What you need to do = Your reply should be an exact copy of the lines from the one that holds "Izdavanje, kuća, 85m², Polje, Bar" to the end of the data below.

═════ Supplied data ═════

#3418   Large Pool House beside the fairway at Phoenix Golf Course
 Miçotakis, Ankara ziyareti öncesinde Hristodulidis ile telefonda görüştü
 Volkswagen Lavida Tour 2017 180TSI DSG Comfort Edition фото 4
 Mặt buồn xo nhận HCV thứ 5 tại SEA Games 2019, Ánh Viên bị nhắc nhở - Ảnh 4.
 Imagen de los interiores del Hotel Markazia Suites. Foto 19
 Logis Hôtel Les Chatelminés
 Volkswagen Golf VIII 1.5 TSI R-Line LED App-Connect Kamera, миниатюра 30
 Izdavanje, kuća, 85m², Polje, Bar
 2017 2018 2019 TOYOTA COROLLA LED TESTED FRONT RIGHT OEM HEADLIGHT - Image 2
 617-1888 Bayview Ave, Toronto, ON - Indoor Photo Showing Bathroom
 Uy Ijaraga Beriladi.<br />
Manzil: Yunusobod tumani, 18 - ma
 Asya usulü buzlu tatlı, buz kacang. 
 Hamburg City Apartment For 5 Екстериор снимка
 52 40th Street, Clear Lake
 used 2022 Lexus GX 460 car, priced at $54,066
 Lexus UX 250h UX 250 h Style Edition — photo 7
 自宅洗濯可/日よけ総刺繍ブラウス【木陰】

═════

Answer for this exercise =
 Izdavanje, kuća, 85m², Polje, Bar
 2017 2018 2019 TOYOTA COROLLA LED TESTED FRONT RIGHT OEM HEADLIGHT - Image 2
 617-1888 Bayview Ave, Toronto, ON - Indoor Photo Showing Bathroom
 Uy Ijaraga Beriladi.<br />
Manzil: Yunusobod tumani, 18 - ma
 Asya usulü buzlu tatlı, buz kacang. 
 Hamburg City Apartment For 5 Екстериор снимка
 52 40th Street, Clear Lake
 used 2022 Lexus GX 460 car, priced at $54,066
 Lexus UX 250h UX 250 h Style Edition — photo 7
 自宅洗濯可/日よけ総刺繍ブラウス【木陰】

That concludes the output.